Роман «Переселенцы» дал критику возможность задеть пока еще запретную для печати тему освобождения крестьян. Чернышевский сделал это мастерски, умело обойдя цензуру. Помещики Белицыны сочувственно относятся к крестьянам и по мере своих сил облегчают их быт. Но роман написан не ради этой идиллии, которая ныне, замечает критик, может подать повод к спорам. Он просит читателей обратить внимание на слова, с которых начинается монолог Белицыной: «…Если уж существует наше положение – положение помещика, оно налагает на нас, помещиков, обязанности <…> строгие, святые обязанности <…>» Чернышевский подчеркивает слова «Если уж существует наше положение» и комментирует их так: «Она говорит не о своих идеалах, а только о своих обязанностях при настоящем положении; но как она думает об этом положении, она того не говорит, и, по всей вероятности, у ней есть об этом свои мысли, и, быть может, мысли, не оставляющие места никаким спорам» (III, 696). Иными словами, автор романа понимает, что подлинное улучшение положения крестьян возможно только при отмене крепостного права, и эта позиция писателя, по тем условиям глубоко понимающего проблему, близка критику.
Затронута в рецензии и проблема «свободного творчества». Оно «состоит в том, – пишет Чернышевский, – чтобы поэт не насиловал своей природы: природа внушает одному сатиру, другому идиллию, – пусть каждый из них пишет, что ему внушает природа таланта.
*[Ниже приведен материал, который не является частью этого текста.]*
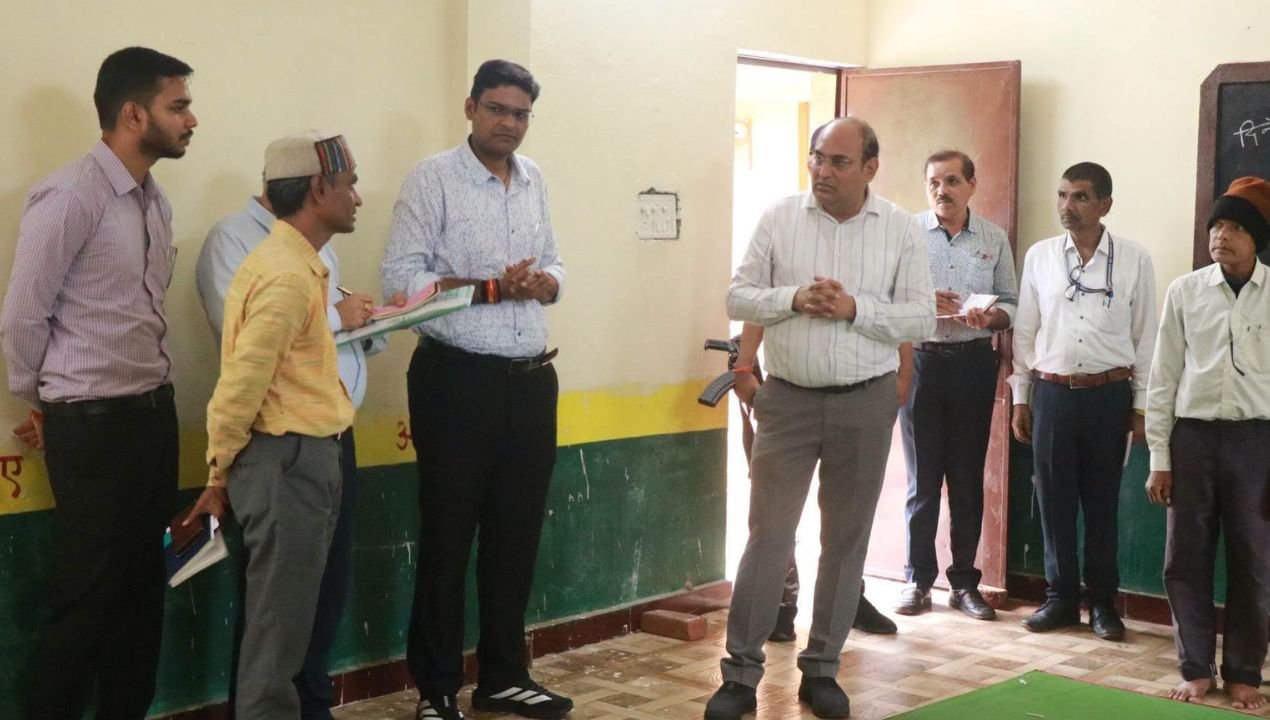 बालाघाट के बैहर-बिरसा में स्वास्थ्य सेवाओं की समीक्षा, 1300 से अधिक बच्चों की हुई जांच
Но если сатирик начнет гнуть свой талант, чтобы хочешь, не хочешь – написать идиллию, тут уже не будет ровно никакой свободы творчества, а просто-напросто будет насилование таланта, и идиллия выйдет хуже всякой пародии на идиллию» (III, 693). Здесь явная полемика с Дружининым, пытавшимся отторгнуть автора «Переселенцев» от изображения одних теневых сторон жизни и тем самым внушить писателю односторонность суждений Белинского на этот счет. Григорович сам признавался Чернышевскому в сильном давлении Дружинина, и потому критик, говоря о свободном творчестве, как бы оказывал писателю поддержку в его спорах с Дружининым.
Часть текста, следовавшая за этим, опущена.